▶ _EXERCISE INSTRUCTIONS_
Each record that follows should be repeated exactly, minus any images.

▶ _GIVEN ENTRIES_
━━━━━━━━━━━━━━━━━━━━━━━━━━━━━━
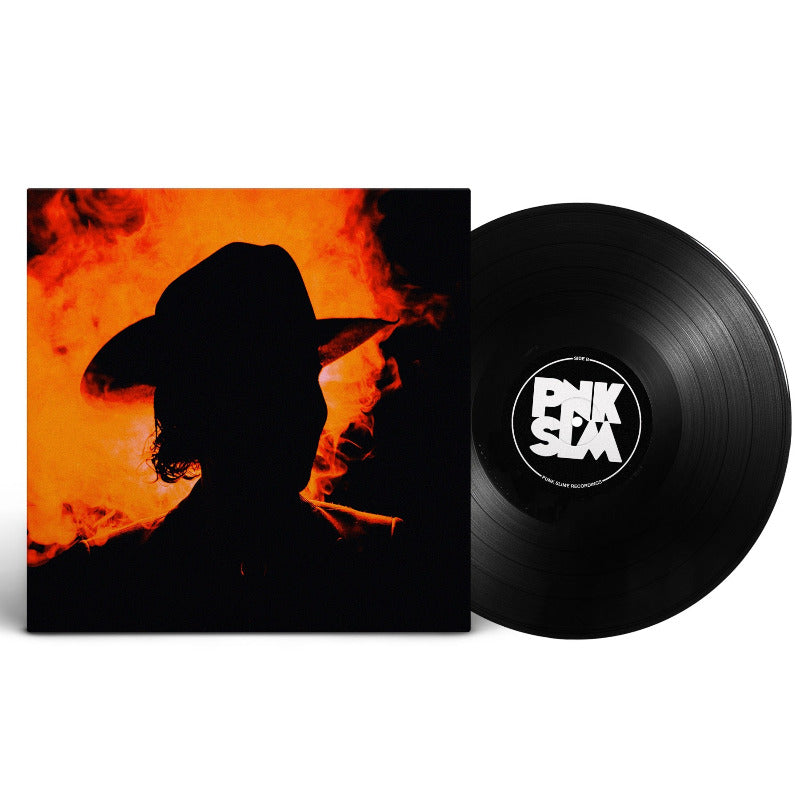 Hemi Hemingway - Wings of Desire (Vinyl)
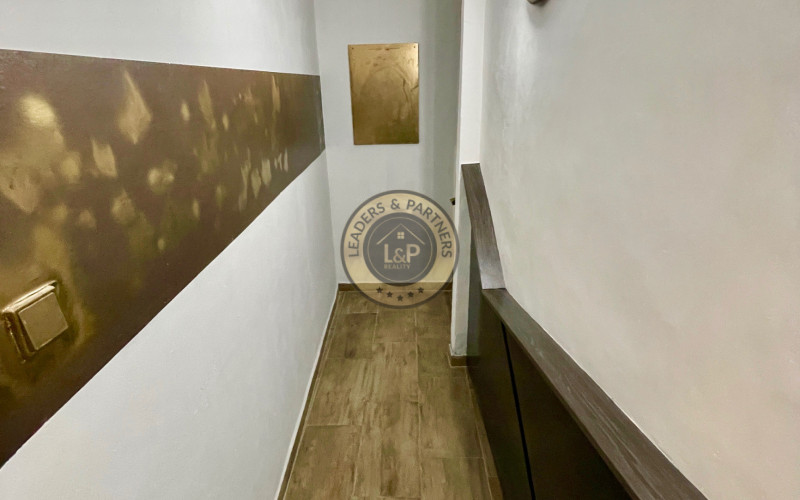 Prenájom baru, Rooseveltova ulica, Košice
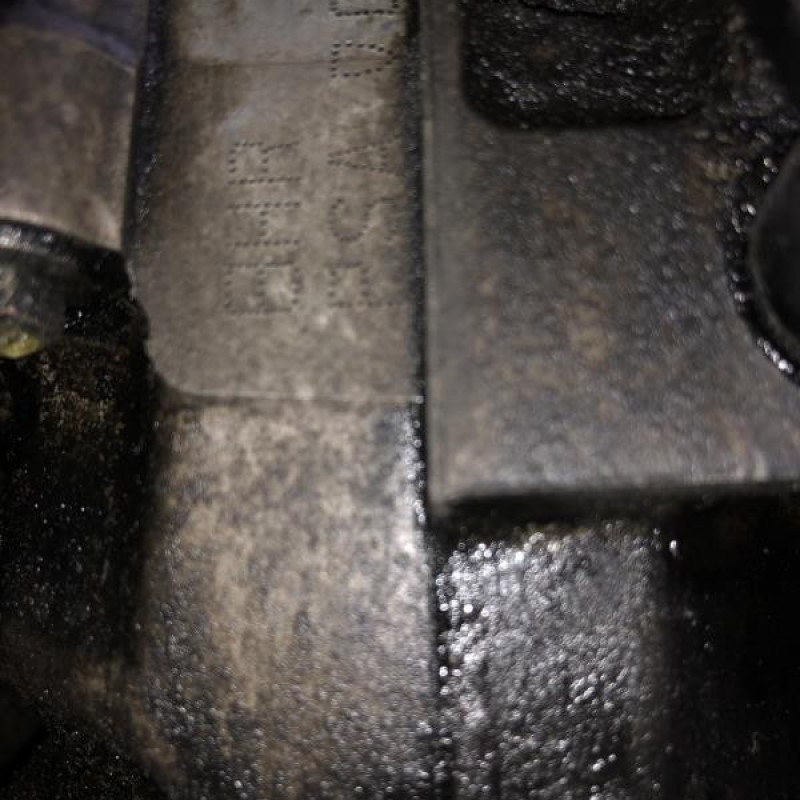 Air bag rideau droit PEUGEOT 208 1 Photo n°15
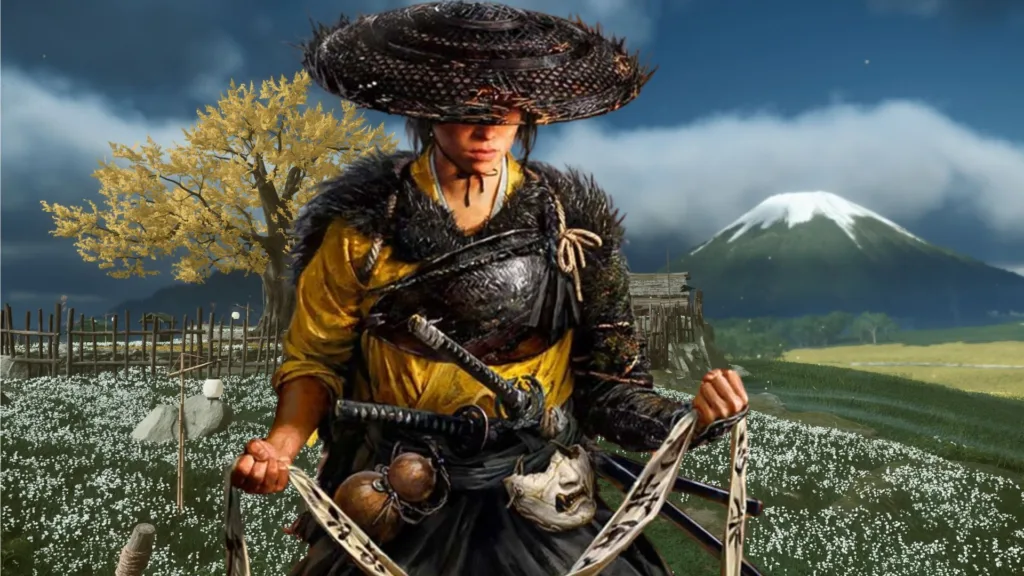 Ghost of Yotei Has Reportedly Sold 4 Million Units To Date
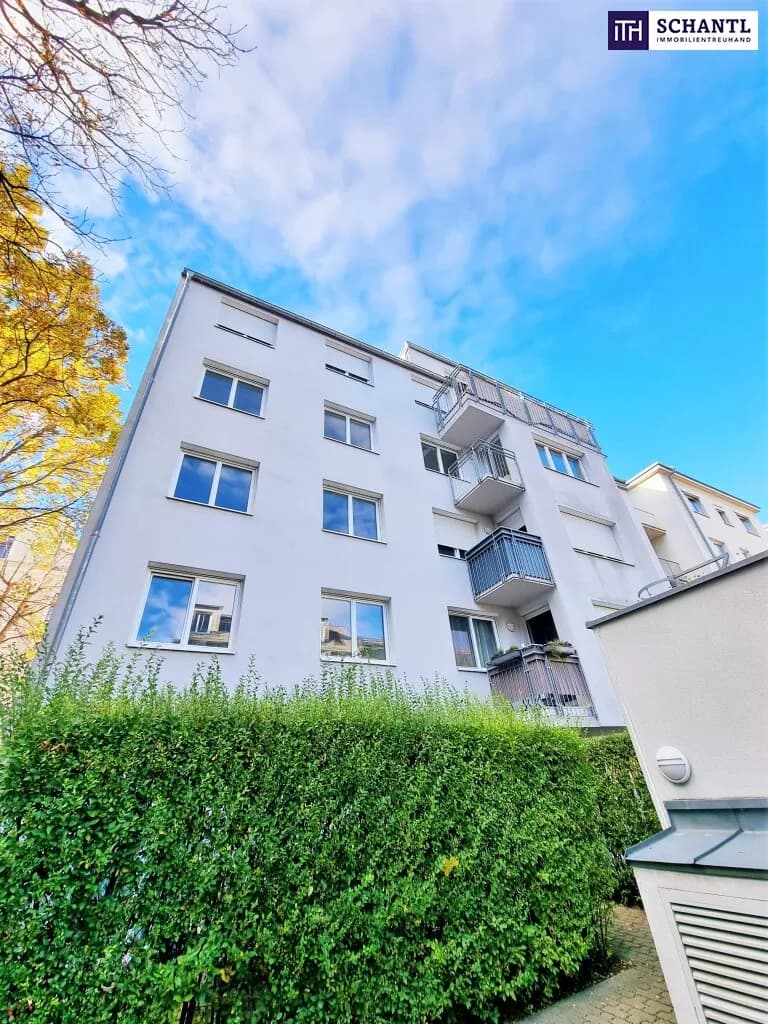 3-Zimmer-Wohnung kaufen in Wien – 110,91 m², € 540.000 – Bild 27 von 30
━━━━━━━━━━━━━━━━━━━━━━━━━━━━━━
▶ _WRITTEN ANSWER_
 Hemi Hemingway - Wings of Desire (Vinyl)
 Prenájom baru, Rooseveltova ulica, Košice
 Air bag rideau droit PEUGEOT 208 1 Photo n°15
 Ghost of Yotei Has Reportedly Sold 4 Million Units To Date
 3-Zimmer-Wohnung kaufen in Wien – 110,91 m², € 540.000 – Bild 27 von 30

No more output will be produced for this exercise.